_Data_
"""
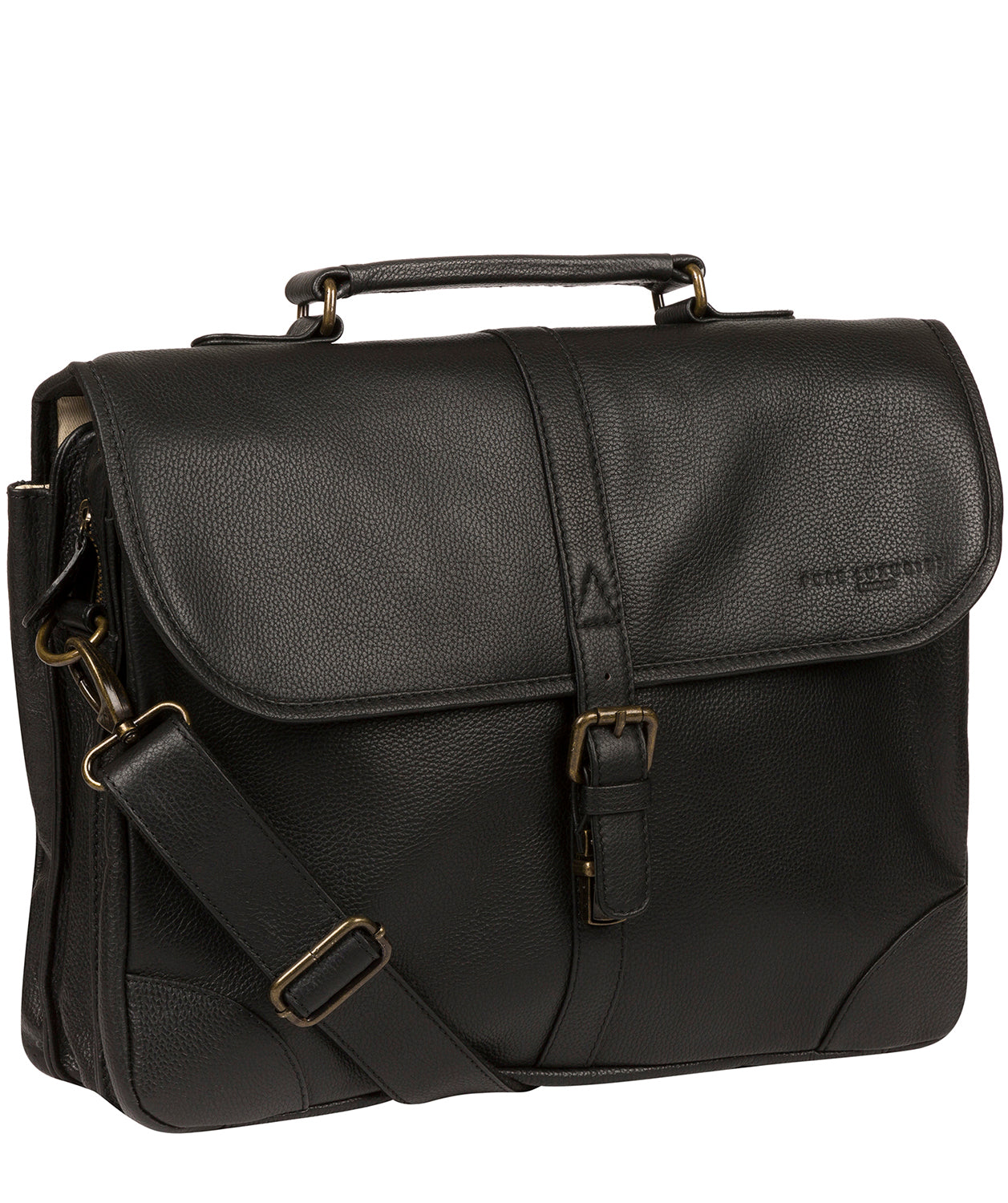 'Bond' Black Leather Work Bag Pure Luxuries London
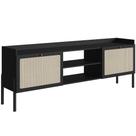 Rack Para Sala de Estar TV 65 Pol 183cm Pés Madeira Moss A03 Nero Preto - Lyam Decor Rack Para Sala de Estar TV 65 Pol 183cm Pés Madeira Moss A03 Nero Preto - Lyam Decor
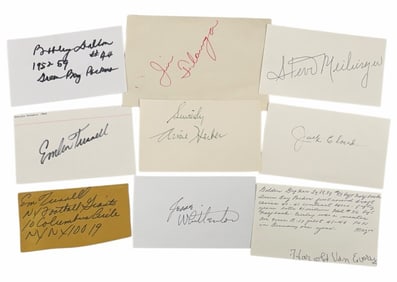 (9) 1940's-1970's Green Bay Packers Player Autographed Index Cards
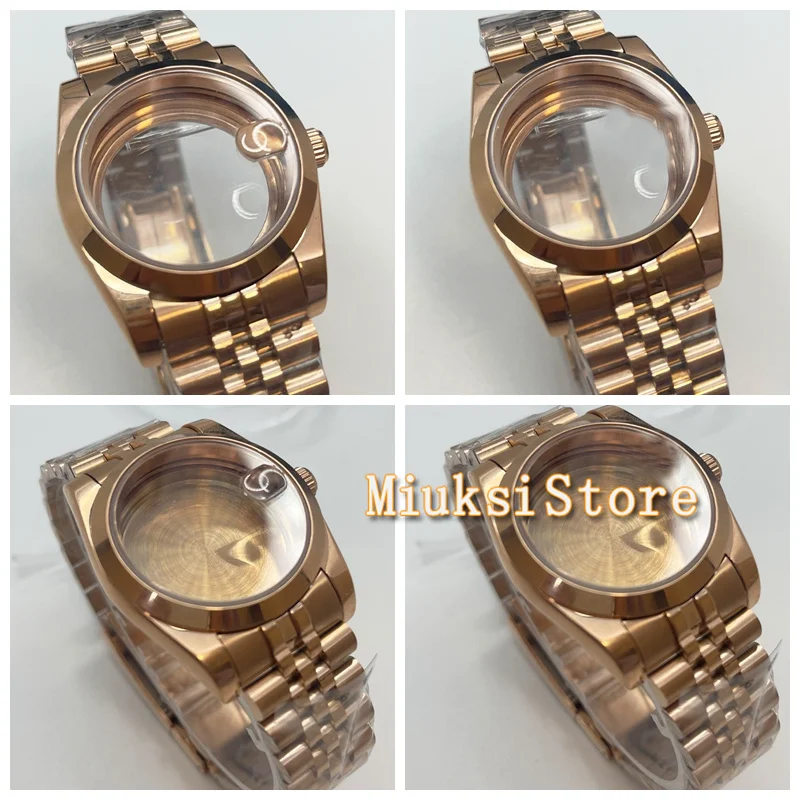 36mm/40mm Rose gold case sapphire glass strap fit NH35 NH36 ETA2836 Miyota 8205 8215 821A Mingzhu DG2813 3804 movement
"""
_Your goal_
Line for line, restate the data above and omit every picture.

_Task output_
 'Bond' Black Leather Work Bag Pure Luxuries London
 Rack Para Sala de Estar TV 65 Pol 183cm Pés Madeira Moss A03 Nero Preto - Lyam Decor Rack Para Sala de Estar TV 65 Pol 183cm Pés Madeira Moss A03 Nero Preto - Lyam Decor
 (9) 1940's-1970's Green Bay Packers Player Autographed Index Cards
 36mm/40mm Rose gold case sapphire glass strap fit NH35 NH36 ETA2836 Miyota 8205 8215 821A Mingzhu DG2813 3804 movement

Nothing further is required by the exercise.